St Mirren won’t throw in the towel until they are arithmetically down but Sutton did not look like a man of a mind to focus on the positives as he picked over the bones of another bad day at the office.

“The way we played was a disaster,” said the striker who had a first-half header cleared off the goal line. “It followed on from the end of the Morton game last week [when they lost a last-minute equaliser]. We are where we are – bottom of the league.

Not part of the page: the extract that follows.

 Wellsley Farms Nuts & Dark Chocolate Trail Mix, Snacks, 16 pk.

“The club has a good stadium and we can take in more than 3,000 fans, which is more than some Premiership clubs. So there is this expectation that we will get ourselves out of trouble. But unless the 11 players on the pitch are doing the business, you’re not going to get out of it. We are still well adrift at the bottom of the league. There’s no other way of looking at it – it would be a disaster if it stays that way.

“At the start of the season, we looked at our squad and fancied our chances of being up the other end of the table. That hasn’t materialised and it has just spiralled from there. The potential for the club is clearly there, but nothing’s going to change unless the 11 guys on the pitch start producing.

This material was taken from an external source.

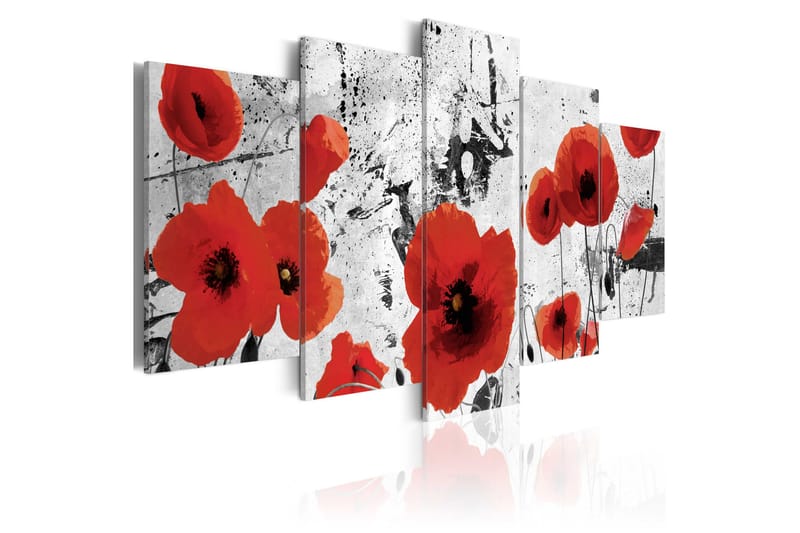 Bilde Scarlet Flowers 200x100 - Artgeist sp. z o. o. - Innredning - Bilder & kunst - Lerretsbilder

“It’s so disappointing because the club clearly has a lot of potential. But, unless we pull our finger out, that’s all academic.”

St Mirren hit the crossbar through Kyle McAllister in the second half but lost soft goals to Stephen Dobbie and Joe Thomas before Gary MacKenzie put through his own net.

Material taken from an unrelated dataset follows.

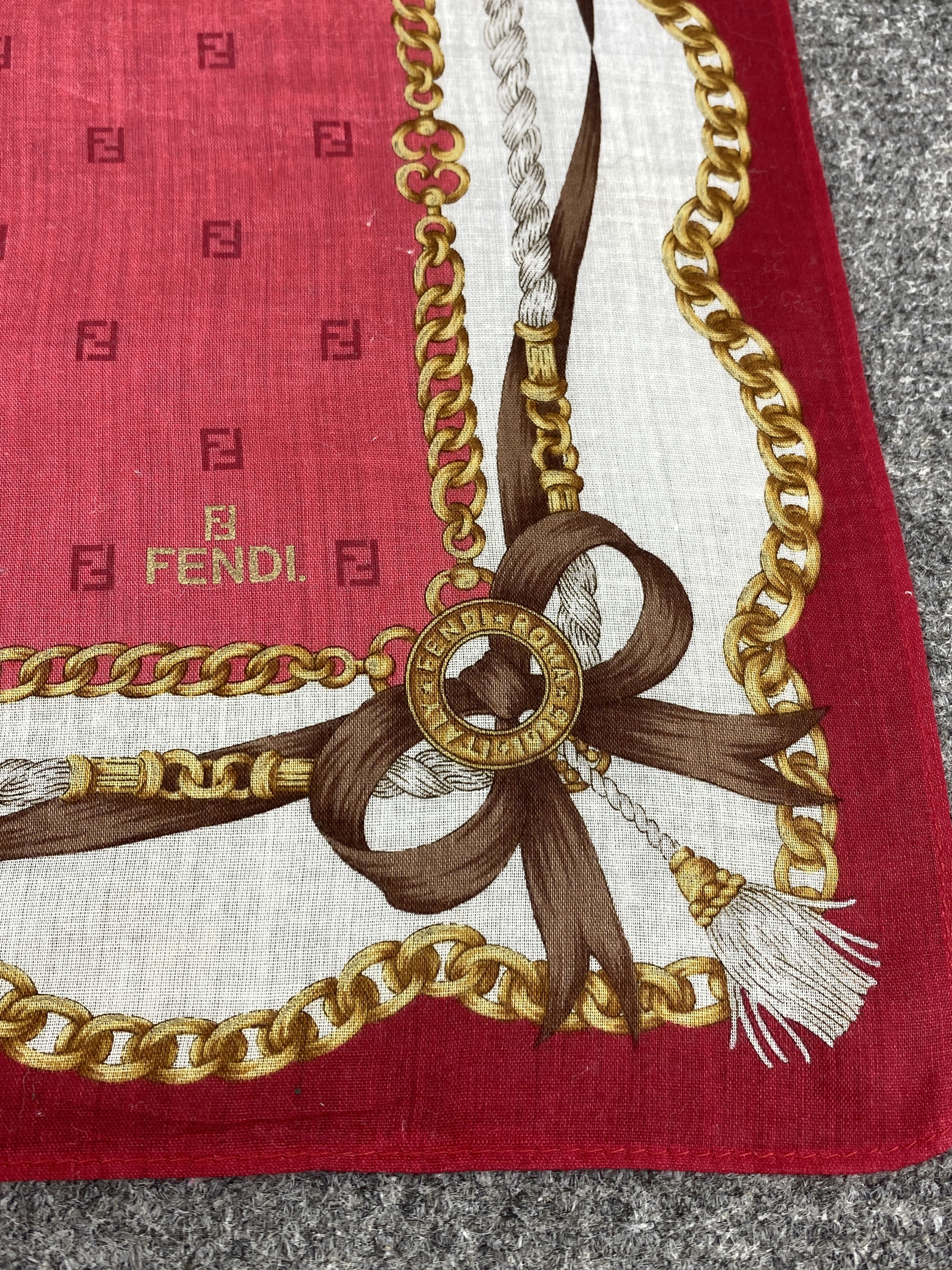 Fendi Vintage Fendi Handkerchief / Nerckerchief KT0352 Size ONE SIZE - 5 Thumbnail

“We are conceding cheap goals and not looking like scoring at the other end of the pitch. You can’t really take too many positives, to be honest. The reality is that we are nowhere near the level we should be at in terms of our performances. It’s not a time to go hiding. Some teams have escaped from this kind of trouble before and we need to believe in ourselves than we can do it as well.

But did we get crosses into the box? No. Did we trouble their keeper? No. Did they look like scoring when they went down the other end? Yeah. Those aren’t good omens for us.”